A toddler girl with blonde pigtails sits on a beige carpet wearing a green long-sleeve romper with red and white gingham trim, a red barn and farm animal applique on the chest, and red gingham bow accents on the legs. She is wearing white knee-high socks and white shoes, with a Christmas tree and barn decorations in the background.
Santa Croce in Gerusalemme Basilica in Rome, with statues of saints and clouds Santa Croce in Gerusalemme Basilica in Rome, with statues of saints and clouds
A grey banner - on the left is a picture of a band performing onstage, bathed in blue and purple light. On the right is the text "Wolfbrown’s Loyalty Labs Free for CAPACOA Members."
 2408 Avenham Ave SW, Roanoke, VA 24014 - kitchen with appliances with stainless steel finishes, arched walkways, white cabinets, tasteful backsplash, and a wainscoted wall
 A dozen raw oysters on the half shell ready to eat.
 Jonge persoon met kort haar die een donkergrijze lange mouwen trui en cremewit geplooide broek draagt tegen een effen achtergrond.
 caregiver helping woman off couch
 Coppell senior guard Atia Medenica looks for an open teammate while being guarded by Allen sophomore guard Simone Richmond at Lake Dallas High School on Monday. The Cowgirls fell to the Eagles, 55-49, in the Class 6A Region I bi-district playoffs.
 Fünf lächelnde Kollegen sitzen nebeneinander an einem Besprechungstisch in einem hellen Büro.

DIRECTIONS FOR THIS TASK: One figure is all that is needed: the number of lines above in which the word "with" appears.

WRITTEN RESPONSE: 3